Tidying up the SMT collector design

Brilliant, should have thought of this in the first place, but there are belt length calculators out there. So, I lucked in (I think) to a standard 188mm belt assuming the 70tooth is about 47mm diameter and the 20tooth is around 15mm.

Otherwise, I redid the side panel for the side with the motor. I did a cut-out for the sliding motor and mirrored the piece so you can opt to having motor on the outside on either side as per your preference.

I thought to, if I had to fiddle with the motor slot location, a tool to cut-out the motor from a panel would make sense. So all three elements (two mirrored sides and a motor cut-out) at Figure 1.

Figure 1

Eh? Yes, it makes sense then to have one side and a cutter and one can then have what ever length belt. I added a means to cut-out the sliding motor slot. The final design will have two cutters, one with heads and one without, so one has options. Just import a side and one of the cutters into FreeCAD, use the belt calculator to set the distance between the centre of the 15mm hole (which will take the nylon LM8SUU), and the centre of the oval land in the middle of the cutter.

Figure 2

So, yes. That makes sense. Have found a great video tutorial on datum planes and sketches. I might also redo the cut-outs using those aspects of FreeCAD. Not to mention, placing the cut via calculating the distance between pulleys, given the length of the belt and the diameters of the two pulleys a la the formula (Figure 3 from the website):

Figure 3

So, a spreadsheet or a python function.

Heat set adaptor for drill press

Figure 1

Multiple ideas for DIY heat set presses. Closest thing to my needs makes an adaptor for a drill press.

As I have a drill press from Jaycar, thanks to an XMAS gift card, I only need make an adaptor for that to hold one of my soldering irons.

There were problems with the drill press option I found. It didn’t fit my soldering iron and didn’t make sense in terms of needing a compliant mechanism to respond to tightening of the ring holding the insert.

So Figure 1 is a cube, with chamfers, polar rotated, and then welded to a hollowed cylinder and a notch cut out to turn it into a compliant mechanism.

Figure 2

Figure 3

RE Figures 2 and 3, ready for work! I have a M3 heat set tip bought locally, as a full set I had ordered got returned to vendor in US, when USPS cancelled shipping to Australia. I have again ordered a full set of tips, hopefully they’ll get through this time.
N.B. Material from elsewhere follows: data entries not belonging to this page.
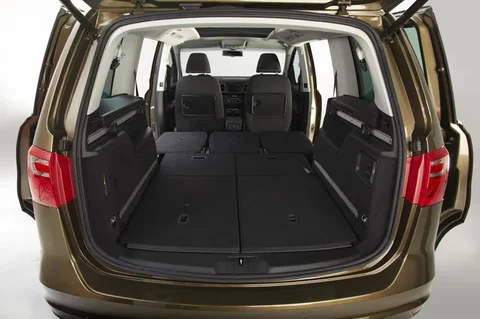 Seat Alhambra 2.0 TDI 140hp Reference 2010 view 2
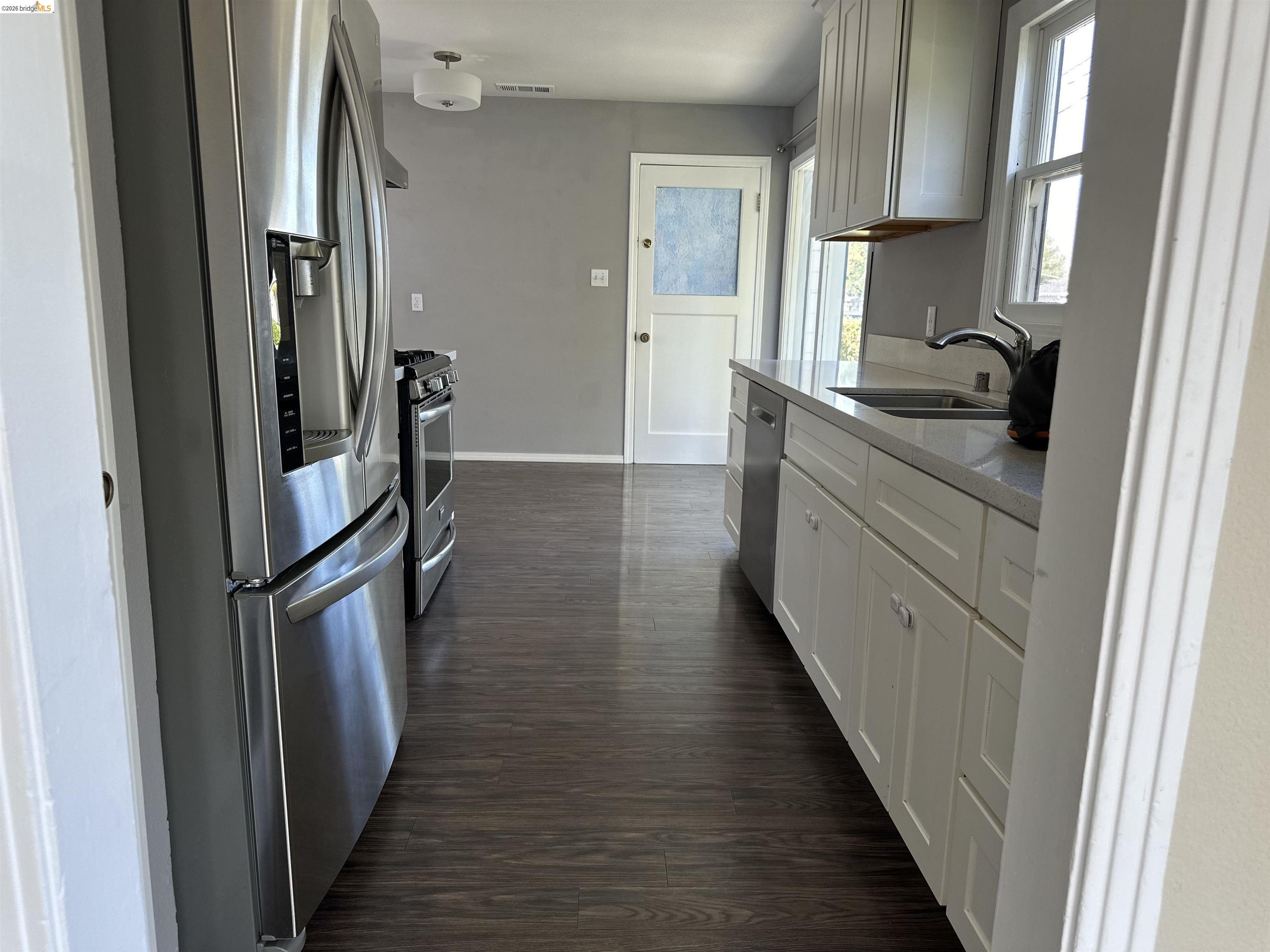 Detail Gallery Image 4 of 15 For 1903 Jacqueline, Concord,  CA 94519 - 3 Beds | 1 Baths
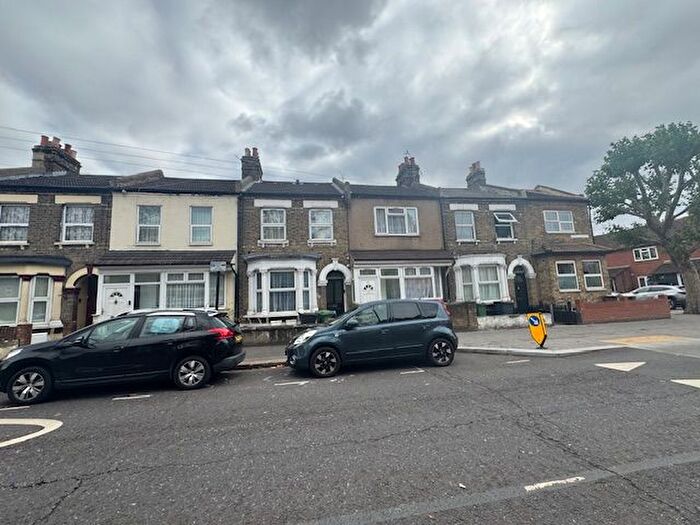 1 Bedroom Flat To Rent In Harrow Road, Leytonstone, E11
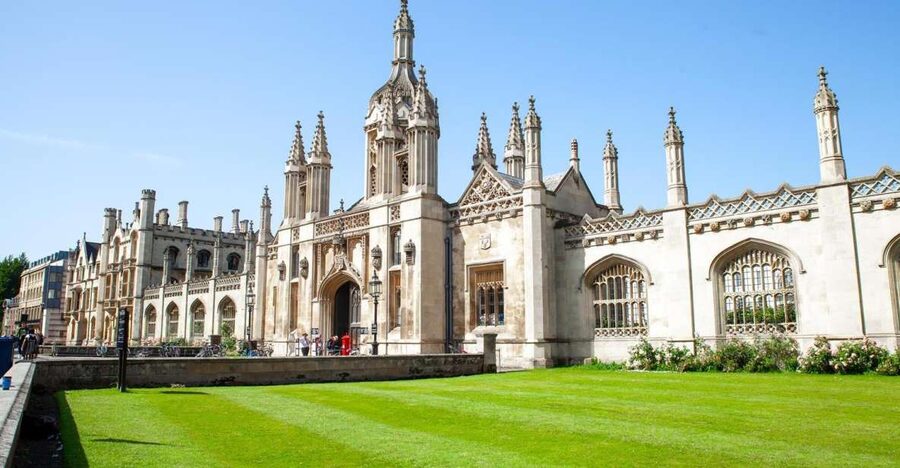Cambridge: University Alumni Tour with Kings College Option - Key Things You’ll Notice Right Away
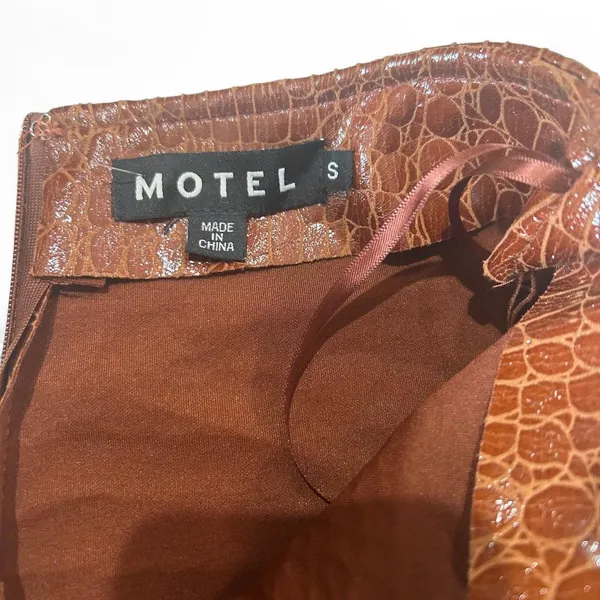 Motel Women's Brown and Pink Skirt - Image 6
I had to hand set a pesky M2 heat set in my prototype SMT cover tape collection spool (Figure 4). Not a bad job. Ignore the metal LM8UU, as I have a batch of nylon one’s still coming – since I need to trim them to fit the 8mm version especially. This one is knocked up to trial the break setting. It will otherwise have a M2 grub screw in the final versions.

Figure 4

In the end, I needed second pass over the design. Firstly, the soldering iron has a rubber sleeve for user comfort. It comes off, and it may well need to, so as to allow a tighter grip on the iron. I will likely build a power supply for my 5 pin irons (that turned up in error), as the one in the photo is my spare 7 pin iron. The other tuning would be to make it longer than the 10mm currently.

Figure 5

So, Figure 5 show’s a snug fit, after the re-design. The CAD tool is handy. The sides of the handle are not parallel, so a cone worked a treat as the binary cut. All dimensions spot on. Snug on soldering iron handle. Slipped into press. A few turns of the hex screw of the press and we’ve a good tight fit.

Figure 6 then is the final model. You can’t see the cone (there was 0.3mm diameter in it but worth it). Now 21mm high. So, there is no movement now when mounted. When leaving the rubber grip in place, the thang wobbled, obviously because the rubber allowed for movement.

Figure 6

SMT cover tape collection

So, while still waiting on a few things to finish builds, I decided to go for broke and really stack up projects, to make sure nothing ever gets done … ROTFLMAO!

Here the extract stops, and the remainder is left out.